For conference-goers, this will likely sound familiar: You're listening to some important but dull speaker droning on about some important but dull subject. Your eyes close, your head droops … until you suddenly jerk awake and look around, bleary-eyed, hoping that no one noticed.
That is definitely not a problem for attendees of the American Association of Exporters and Importers (AAEI) annual conference in New York. Each year, the group puts on a "legal drama" about a decidedly unentertaining subject: customs compliance. Under the direction of David Newman, who heads up customs and international trade law at Sony Electronics, a judge, international trade attorneys, and customs compliance managers act out their real-life roles in a play about a current, pressing compliance problem. Part of the play is scripted but much of it is off-the-cuff, and performers invariably find opportunities to engage in improvisational humor.

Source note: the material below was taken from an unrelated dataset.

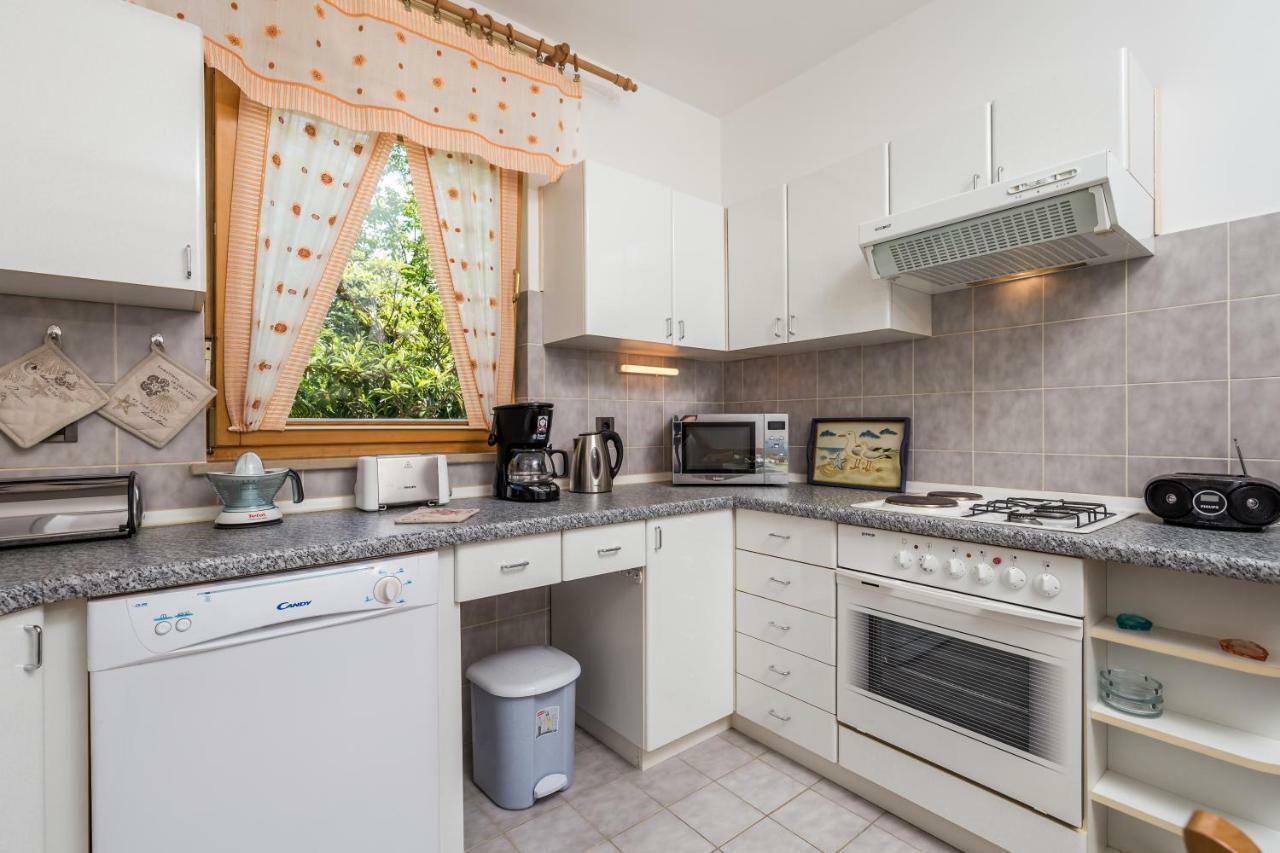 Apartmani Hrvatin Опатия Екстериор снимка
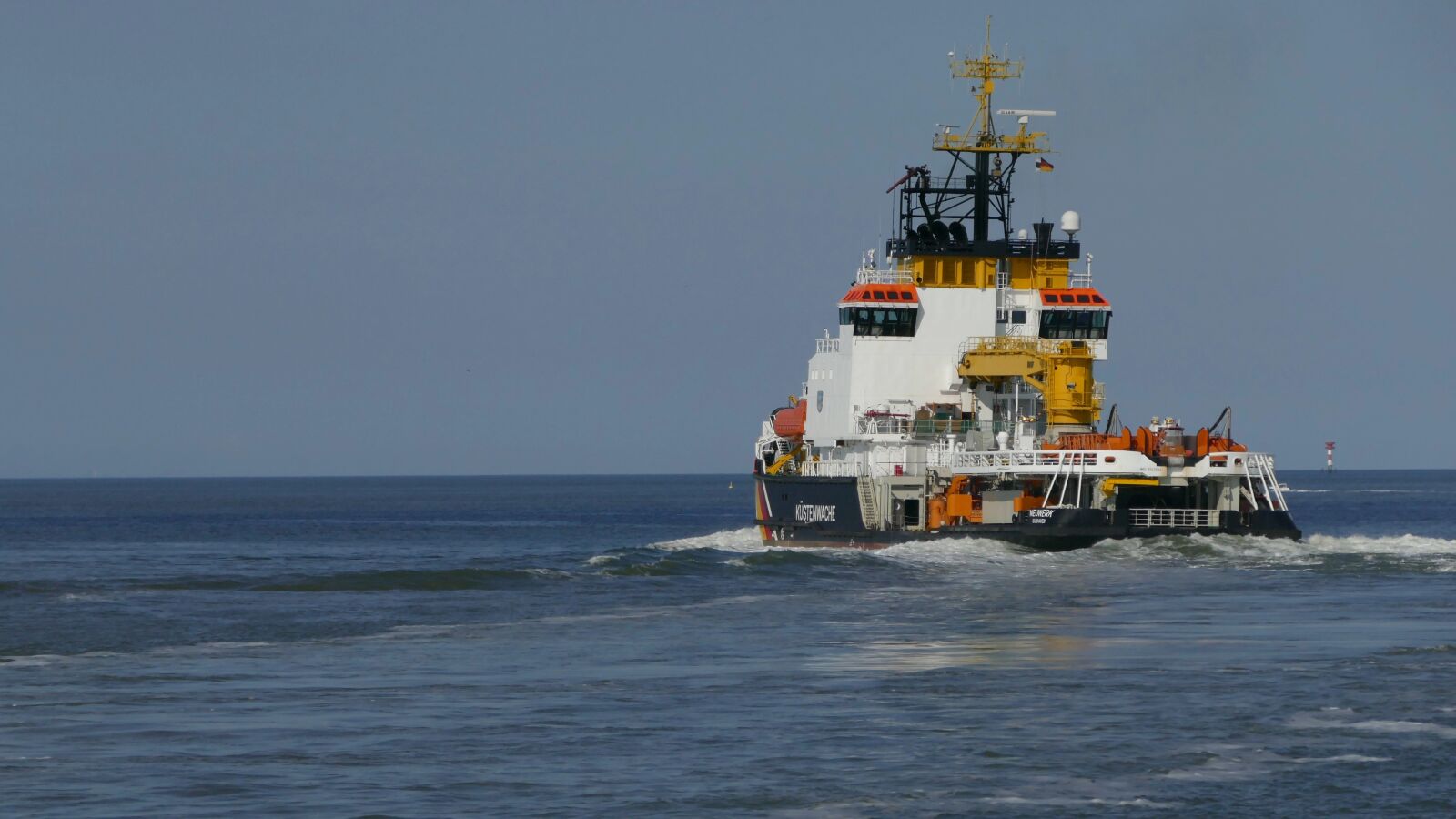Panasonic Lumix DMC-FZ1000 sample photo. Ship, coast guard, shipping photography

Although entertaining, the dramas address serious concerns. This year's session followed the travails of a fictional home-furnishings retailer as it strove to comply with the provisions of the Safe Port Act of 2006.
In the scenario, the retailer/importer was slapped with fines for filing inaccurate data, even though many of the inaccuracies were unintentional or caused by factors beyond the company's control. One complex regulatory thing led to another, and customs officials began holding inbound containers for inspection. Shipments arrived late, orders and money were lost, and importer and agency filed complaints against each other. The case ended up in the U.S. Court of International Trade before real-life Judge Leo Gordon, bedecked in a British-style wig.
Who won the case? We'll never know. The judges in AAEI's plays never rule on the issues, to avoid compromising themselves if similar issues arise in their courts.
Even without a verdict, these events provide a valuable service to the international trade community. "My goal in these presentations is to air the issues and create greater awareness, and perhaps activism, within the community," Newman says. "If we are effective, we are creating greater opportunity for the trade and the government to have a full and meaningful exchange of information and viewpoints."